Defined in 32 CFR Part 2002 and the CUI Registry: government-created or -owned information that law, regulation, or government-wide policy requires safeguarding. Encompasses 125+ categories across 20 groupings including export-controlled data, technical data, privacy information, law enforcement sensitive data, and critical infrastructure information.

Examples: Technical drawings with distribution restrictions, ITAR-controlled design data, personally identifiable information (PII) of service members, Critical Infrastructure security assessments, export-controlled source code.

Key distinction: All CUI is also FCI, but not all FCI is CUI. If your contract only involves FCI (no CUI designations), FAR 52.204-21 applies. The moment CUI enters the picture, DFARS 252.204-7012 applies and brings all 110 NIST SP 800-171 controls with it.

FAR 52.204-21: Basic Safeguarding (15 Controls for FCI)
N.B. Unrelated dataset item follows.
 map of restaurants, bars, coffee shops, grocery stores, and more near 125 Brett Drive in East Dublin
FAR clause 52.204-21, "Basic Safeguarding of Covered Contractor Information Systems," applies to all federal contracts (not just DoD) where contractor information systems process, store, or transmit Federal Contract Information. Prescribed by FAR 4.1903, it establishes a minimum security baseline derived from NIST SP 800-171 but limited to 15 requirements across 6 security families.

The 15 Basic Safeguarding Controls (FAR 52.204-21(b)(1))

Access Control (AC)

  1. Limit information system access to authorized users, processes, or devices
  2. Limit information system access to types of transactions and functions that authorized users are permitted to execute

Identification and Authentication (IA)

  1. Identify information system users, processes, or devices
  2. Authenticate (or verify) identities as prerequisite to allowing access

Media Protection (MP)

  1. Sanitize or destroy information system media containing FCI before disposal or reuse
  2. Limit physical access to organizational information systems, equipment, and operating environments to authorized individuals

Physical Protection (PE)

  1. Escort visitors and monitor visitor activity
  2. Maintain audit logs of physical access
  3. Control and manage physical access devices

System and Communications Protection (SC)
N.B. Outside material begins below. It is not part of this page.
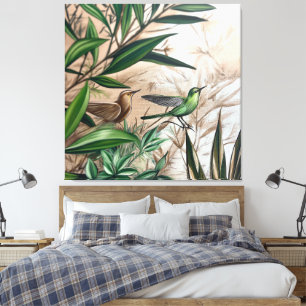 Em Tela impressão de arte canvas, verde, aves inspiradas n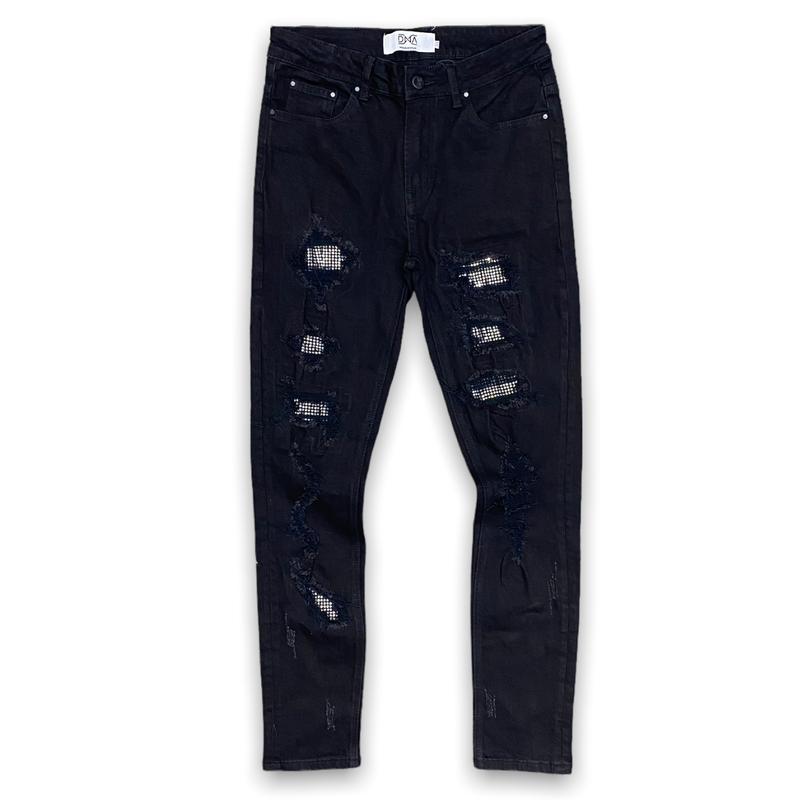 Dna premium (black/sliver crystal handcrafted cut jean)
  1. Monitor, control, and protect communications at external boundaries and key internal boundaries
  2. Implement subnetworks for publicly accessible system components separated from internal networks

System and Information Integrity (SI)

  1. Identify, report, and correct information and information system flaws in a timely manner
  2. Provide protection from malicious code at appropriate locations within organizational information systems
  3. Update malicious code protection mechanisms when new releases are available
  4. Perform periodic scans of the information system and real-time scans of files from external sources

No certification, no third-party assessment, and no reporting requirements. These are self-attested baseline controls. Most organizations with basic IT security practices already meet most of these requirements.
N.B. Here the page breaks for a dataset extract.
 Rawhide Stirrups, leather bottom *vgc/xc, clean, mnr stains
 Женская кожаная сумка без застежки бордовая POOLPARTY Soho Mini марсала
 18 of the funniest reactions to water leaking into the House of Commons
DFARS 252.204-7012: Full NIST 800-171 (110 Controls for CUI)

DFARS clause 252.204-7012, "Safeguarding Covered Defense Information and Cyber Incident Reporting," applies to DoD contracts and subcontracts where covered defense information (CDI) is involved. CDI includes CUI that is marked, designated, or otherwise indicated in the contract and requires safeguarding per law, regulation, or government-wide policy.

110

NIST 800-171 controls

Per DFARS 252.204-7012(b)(2)(ii)(A), contractors must implement NIST SP 800-171 "as soon as practical, but not later than December 31, 2017" (deadline has passed -- compliance is required now).

72 hrs

incident reporting

Per DFARS 252.204-7012(c), cyber incidents must be reported to DoD via the DIBNet portal within 72 hours of discovery. Includes preserving forensic images for 90 days (252.204-7012(e)).

CMMC

certification required

CMMC 2.0 Level 2 requires a third-party assessment (C3PAO) against all 110 NIST 800-171 controls. Phased rollout began in 2025. DFARS 252.204-7021 implements the CMMC program requirement.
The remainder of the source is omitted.